If You're A Journalist Hiring Lawyers To Intimidate Publishers Into Killing Stories About Your Misdeeds, You're A Hypocrite

from the shameful dept

Over the years we’ve obviously written tons of stories about the rich and powerful hiring shameless lawyers who try to browbeat and intimidate news organizations (both large and small) out of publishing embarrassing stories. That’s one of the many reasons why we support strong anti-SLAPP laws across the country, as an essential protection for a free press. Media companies and journalists tend to be some of the biggest supporters of free speech and anti-SLAPP laws as well for this exact reason. But what happens when rich and successful journalists are suddenly the subject of unflattering stories as well? Apparently, they throw out their principled support of free speech and hire a sketchy law firm that celebrates its history of “killing stories.”

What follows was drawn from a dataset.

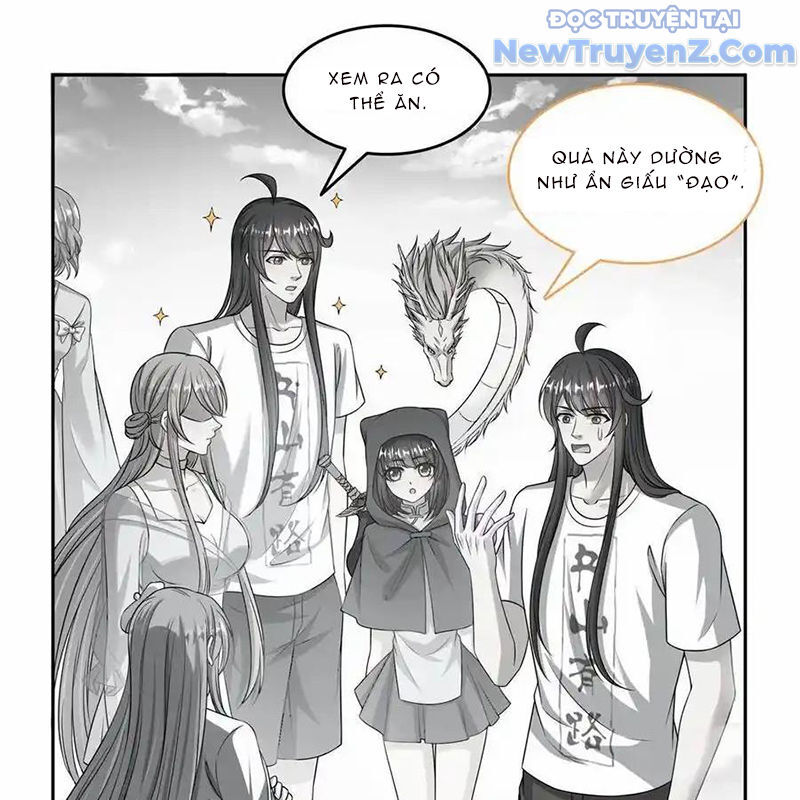 Tu Chân Nói Chuyện Phiếm Quần Chap 619 - Next Chap 618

Lachlan Cartwright, over at the Daily Beast, has a story about the law firm Clare Locke, who not only specializes in killing stories, but appears to brag about why we should chip away at the First Amendment. After opening with a story about how a 60 Minutes producer hired the firm, Cartwright mentions some of the other high profile journalists who have hired the firm:

Clare Locke also did work for former Today show host Matt Lauer and current New York Times reporter Glenn Thrush, three sources say. Both men were accused in news publications of sexually harassing women. The law firm was also recently hired by David Pecker, the CEO and chairman of American Media Inc., parent company of the National Enquirer, to try and shut down a negative story from a newspaper, according to two sources.

The article notes not just a history of litigation against various news orgs (Rolling Stone, The New York Times, Katie Couric, CNN, and Gawker among them), but also how one of the firm’s named partners, Elizabeth Locke, has some bizarre views on free speech:

Locke has publicly backed President Trump?s call to ?open up? libel laws and attacked shield laws that protect journalists from disclosing their sources in court. ?How are you supposed to prove as a defamation plaintiff that the journalist knew what they were writing was false if you don?t have access to the identities of their sources? It?s really problematic,? she said in a speech last year to the Federalist Society, a conservative legal group.

Locke continued, saying she wanted to ?talk a little bit about why the pendulum has swung too far in the direction of freedom of the press.?

There are so many things to say in response to this, but let’s just start with the big one: free speech is not a pendulum. It doesn’t swing back and forth. Free speech either exists or it doesn’t.

Second, any journalist hiring a firm with a partner who would say such a thing is a disgrace to the practice of journalism. Obviously, some would (perhaps reasonably) argue that the names listed above are already disgraces to the practice of journalism, and perhaps that’s true. But the whole idea of supporting a firm that openly advocates for limiting free speech and freedom of the press, while practicing intimidation tactics against a free press is horrific and shameful.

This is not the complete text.